[Stored data]
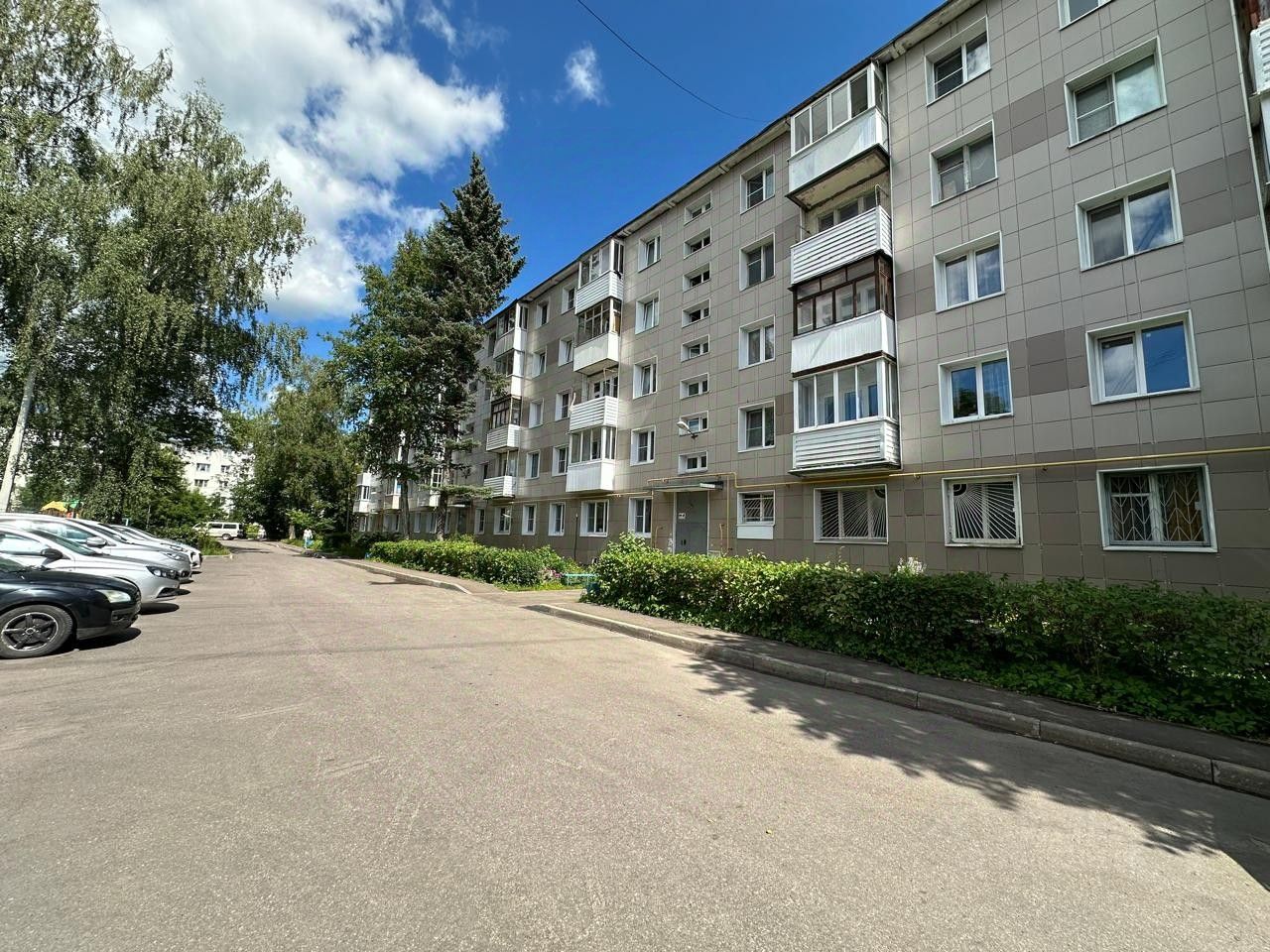 Продаю двухкомнатную квартиру 43,5м² ул. Карла Маркса, 75, Клин, Московская  область, Клин городской округ - база ЦИАН, объявление 303920156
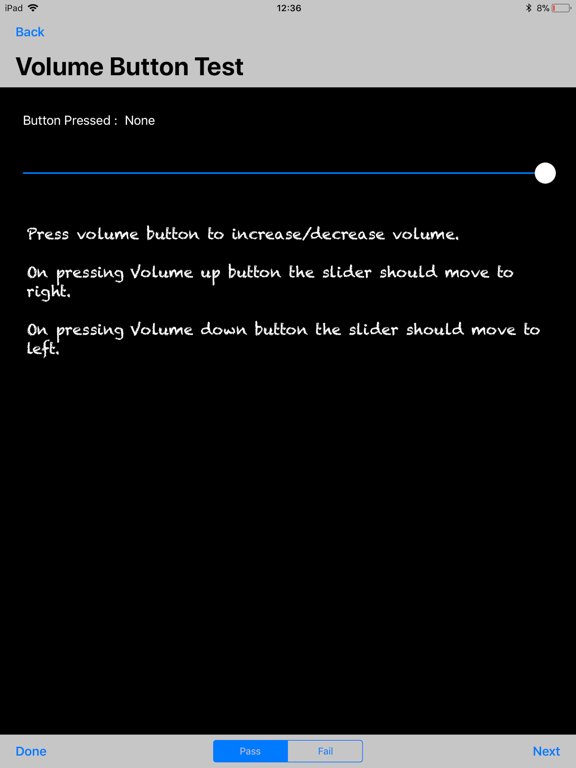 Touchscreen Test screenshot 3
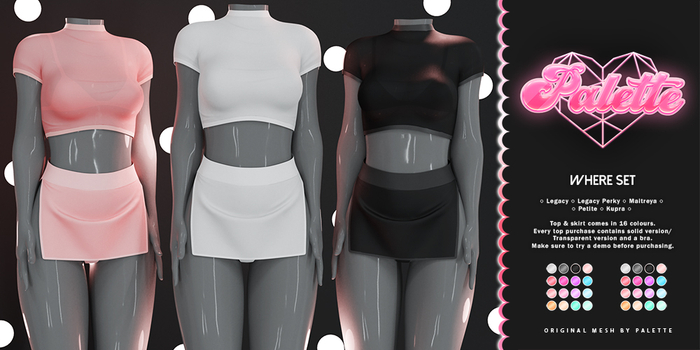 Palette - Where Set [Megapack]
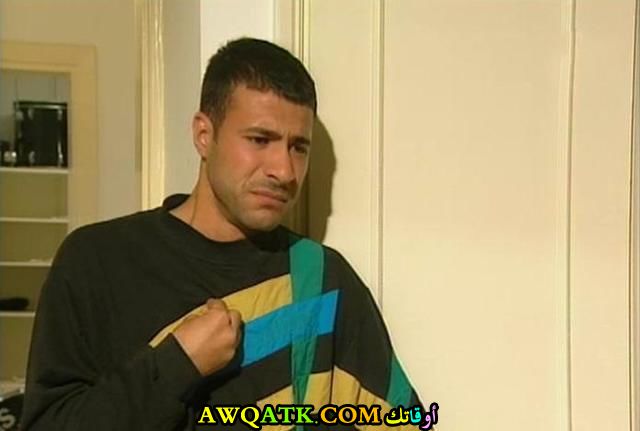 صورة للفنان أشرف العوضي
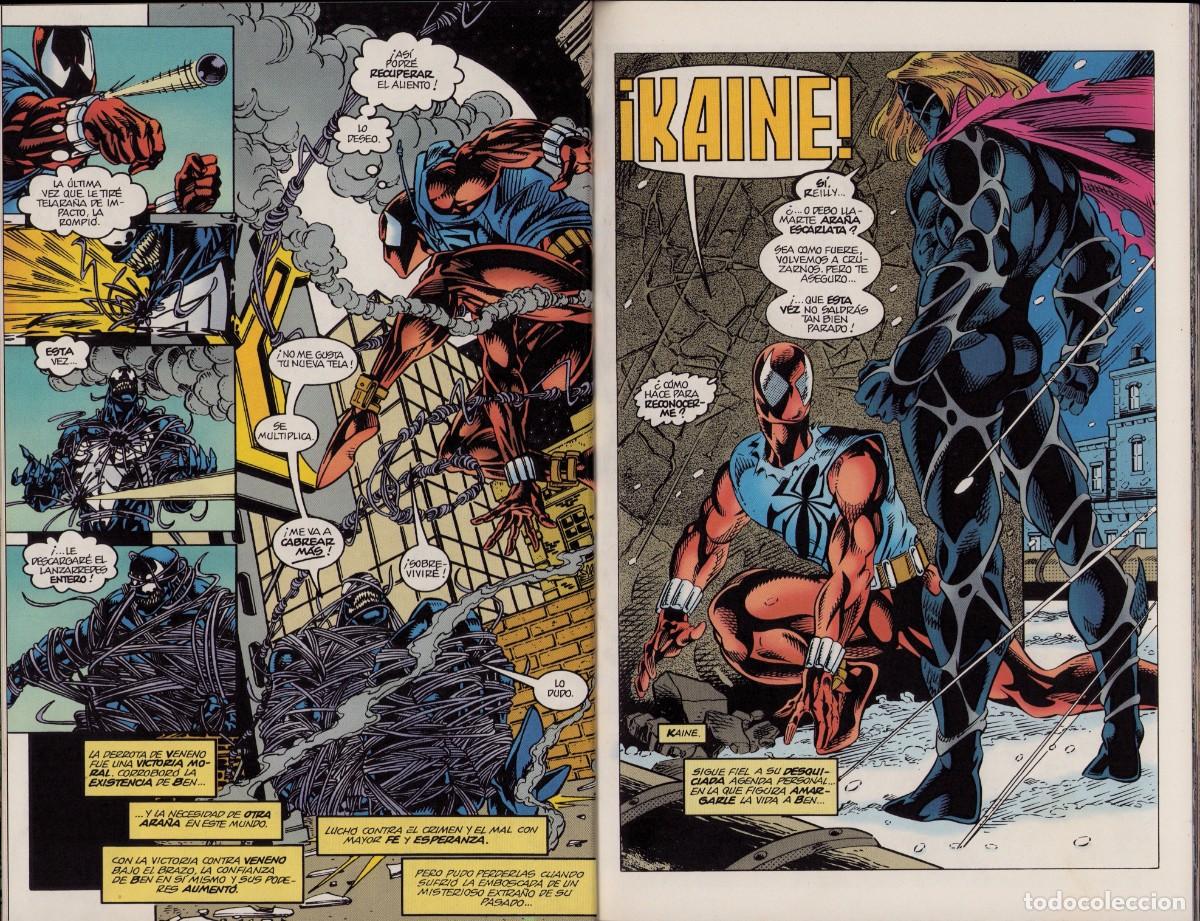 C&oacute;mics: Spiderman Vol. 2 n&ordm; 17 - Exiliado - Comics Forum 1996 - Foto 8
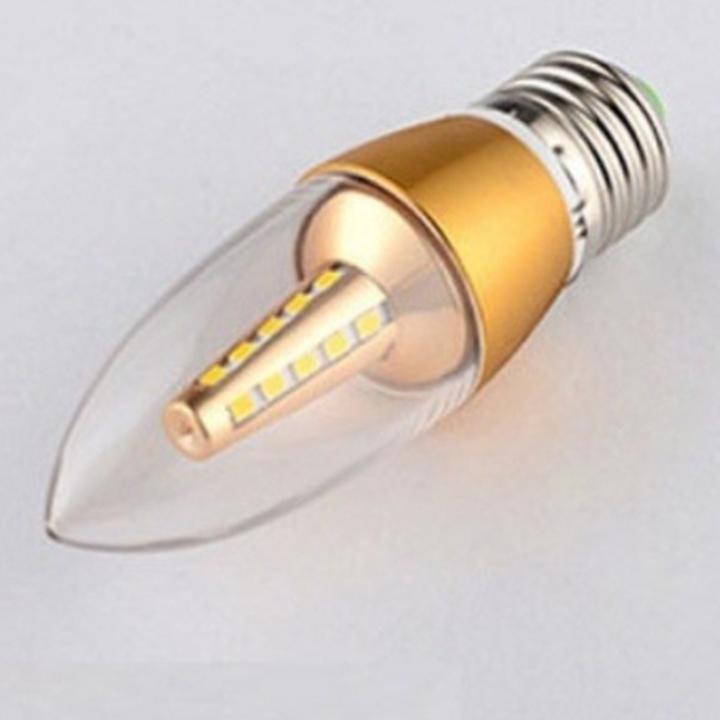 Bóng đèn nến siêu sáng LED 5W E27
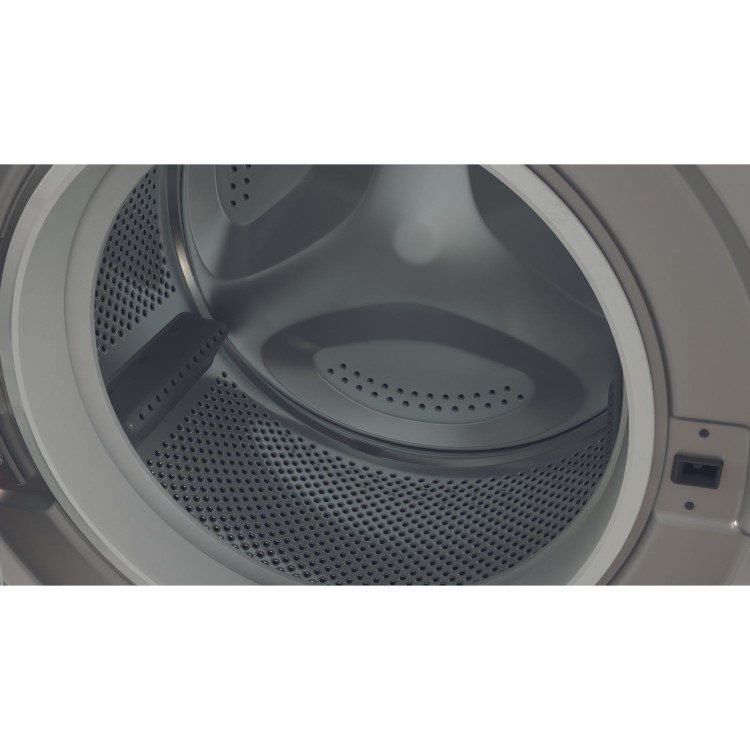 Indesit Push&Go 9kg 1400rpm Washing Machine - Silver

**Your instructions:**
Excluding all pictures, print exactly and only the lines from the line with "صورة للفنان أشرف العوضي" through the end of the records above, both ends included.

**Output of the task:**
 صورة للفنان أشرف العوضي
 C&oacute;mics: Spiderman Vol. 2 n&ordm; 17 - Exiliado - Comics Forum 1996 - Foto 8
 Bóng đèn nến siêu sáng LED 5W E27
 Indesit Push&Go 9kg 1400rpm Washing Machine - Silver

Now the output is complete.